(Short text fragments from websites)
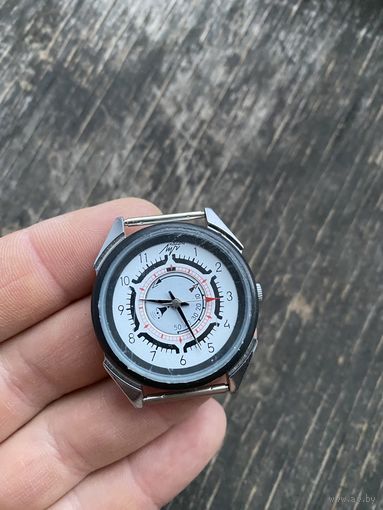 Часы Луч Будильник ( Лот с рубля )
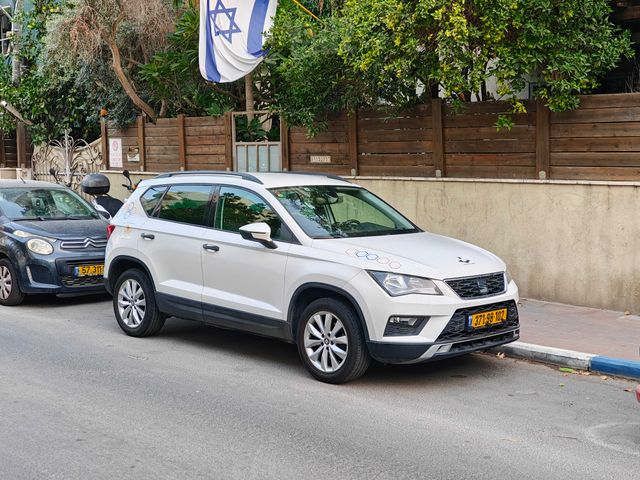 מודעת רכב סיאט אטקה
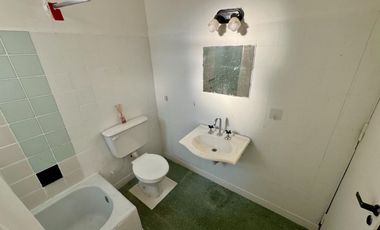 VENTA PH CON PATIO EN VICENTE LOPEZ SOBRE AV MAIPU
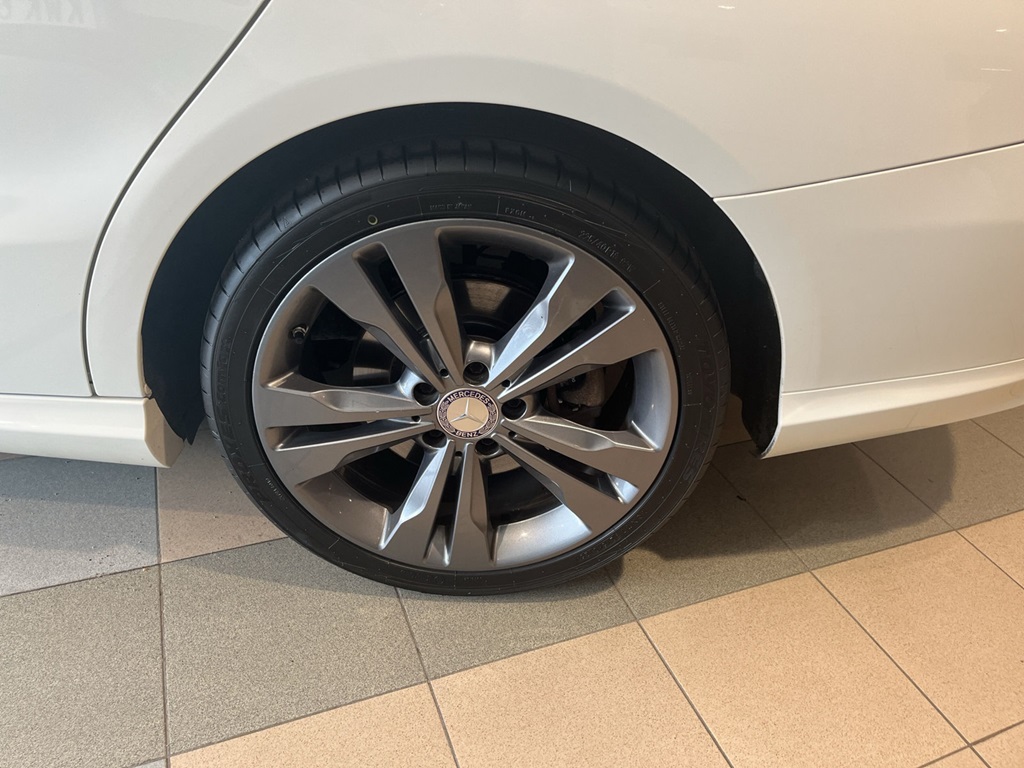 Mercedes CLA 200 JRG059
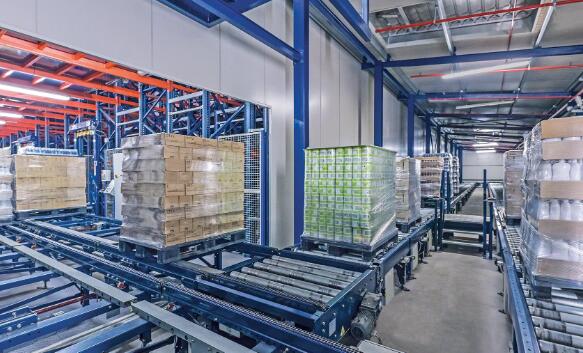 使用自動輸送系統簡化您的操作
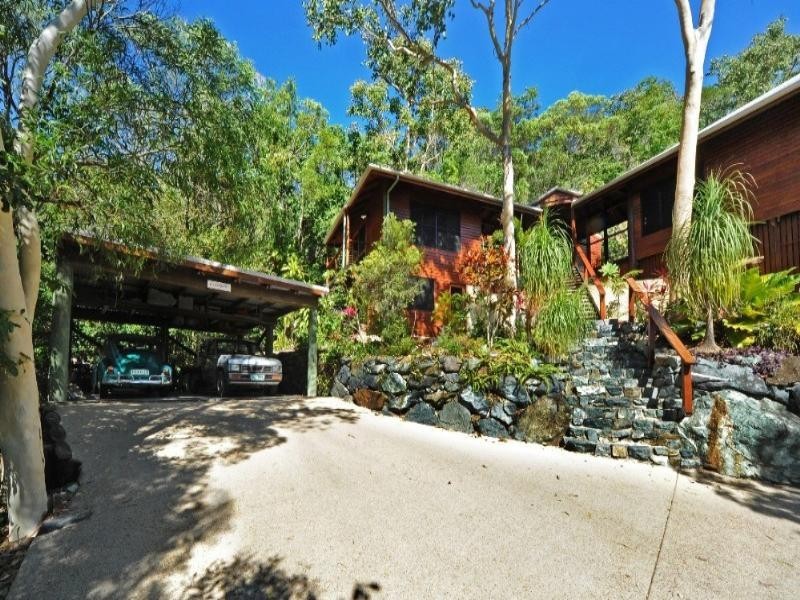 15 Stony Creek Close, Cannonvale QLD 4802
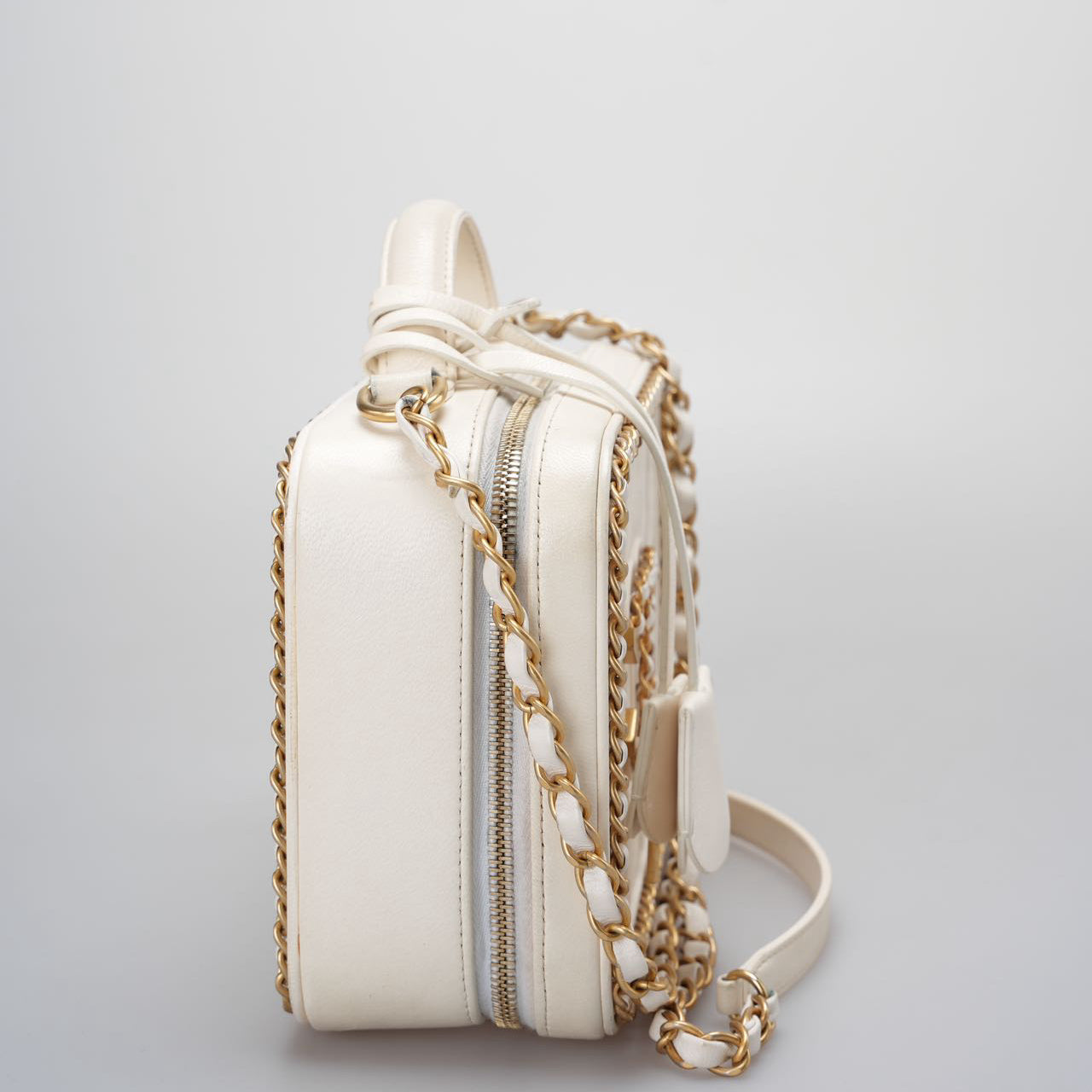 Chanel White Vanity Case Bag In Quilted Leather CC Filigree Chain Around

TASK TO CARRY OUT - This calls for each record above to be set down exactly, with the images skipped.

OUTPUT OF THE EXERCISE -
 Часы Луч Будильник ( Лот с рубля )
 מודעת רכב סיאט אטקה
 VENTA PH CON PATIO EN VICENTE LOPEZ SOBRE AV MAIPU
 Mercedes CLA 200 JRG059
 使用自動輸送系統簡化您的操作
 15 Stony Creek Close, Cannonvale QLD 4802
 Chanel White Vanity Case Bag In Quilted Leather CC Filigree Chain Around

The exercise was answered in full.